Auf Umwegen in die Lehre, BZ Basel, 19.11. von Dominic Wirth
Etwas über 79000 neue
Lehrlinge, das geht aus dem Nahtstellenbarometer des Bundes hervor, haben diesen
Sommer bei einem Schweizer Unternehmen einen Lehrvertrag erhalten. Gleichzeitig
gaben nur rund 36000 Sekundarschulabgänger an, eine Lehrstelle anzutreten. Woher
kommen all die anderen, über rund 43000 Lehrlinge? Und was haben sie vor ihrem Lehrantritt
gemacht, seit sie die obligatorische Schule verlassen haben?

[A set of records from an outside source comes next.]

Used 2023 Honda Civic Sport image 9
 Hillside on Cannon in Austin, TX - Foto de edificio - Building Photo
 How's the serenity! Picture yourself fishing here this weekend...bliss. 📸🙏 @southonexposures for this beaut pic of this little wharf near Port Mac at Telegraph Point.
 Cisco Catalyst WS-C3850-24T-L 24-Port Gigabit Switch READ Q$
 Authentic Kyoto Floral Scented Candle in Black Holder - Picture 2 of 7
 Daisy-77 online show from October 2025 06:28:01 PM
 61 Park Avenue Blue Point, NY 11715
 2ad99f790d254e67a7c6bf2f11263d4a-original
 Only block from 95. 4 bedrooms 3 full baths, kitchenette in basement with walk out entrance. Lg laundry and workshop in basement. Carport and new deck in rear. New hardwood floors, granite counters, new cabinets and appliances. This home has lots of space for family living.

Das ist die Frage,
die Bildungsforscher Wolter seither umtreibt. Sie hat sich zwar schon im
letzten Jahr, als das Nahtstellenbarometer zum ersten Mal in dieser Form erhoben
wurde, gestellt. Doch heuer ist die Zahl der Lehrstellen, die nicht von Schulabgängern
angetreten werden, nochmals stark angestiegen.
Die Mär vom klassischen Bildungsweg
«Wir
wussten zwar, dass bei weitem nicht jede Lehrstelle mit einem Schulabgänger
besetzt wird», sagt Wolter. Doch dass heutzutage mehr als die Hälfte der Lehrlinge
allem Anschein nach nicht den klassischen Bildungsweg–nach der obligatorischen
Schule direkt in die Berufsbildung–gewählt hat, ist für den Bildungsforscher
«eine grosse Überraschung. Dieses Phänomen ist uns bisher noch nicht so ins Auge
gestochen.» Woher kommen also die 43000 Lehrlinge? Stefan Wolter sagt, das gelte
es vertieft zu erforschen. Die eine oder andere Hypothese hat er indes. Ein
Teil hat nach dem Abschluss der obligatorischen Schule zuerst ein
Brückenangebot absolviert oder ein Zwischenjahr gemacht. 2018 entschieden sich
rund 13000 Jugendliche dafür. Andere Neo-Lehrlinge, vermutet Wolter, haben sich
zuerst am Gymnasium versucht und sind dort gescheitert. Beim Rest dürfte es
sich laut Wolter um Menschen handeln, die eine Zweitlehre antreten, weil sie den
Beruf wechseln wollen–oder die eine weitere Ausbildung machen, um auf dem Arbeitsmarkt
attraktiver zu werden.
Bald dreht die Demografie-Kurve
Insgesamt blieben diesen
Sommer rund11000 Lehrstellen unbesetzt.88 Prozent der Firmen fanden einen Lehrling,
das sind etwas mehr als im Vorjahr (86 Prozent). Insgesamt bestätigt sich auf
dem Lehrstellenmarkt ein Bild, das schon länger gilt: viele Schulabgänger bekommen
jene Lehrstelle, die sie wollen. Allerdings dürfte der Konkurrenzkampf aufgrund
der demografischen Entwicklung bald härter werden–zur Freude der Schweizer Firmen.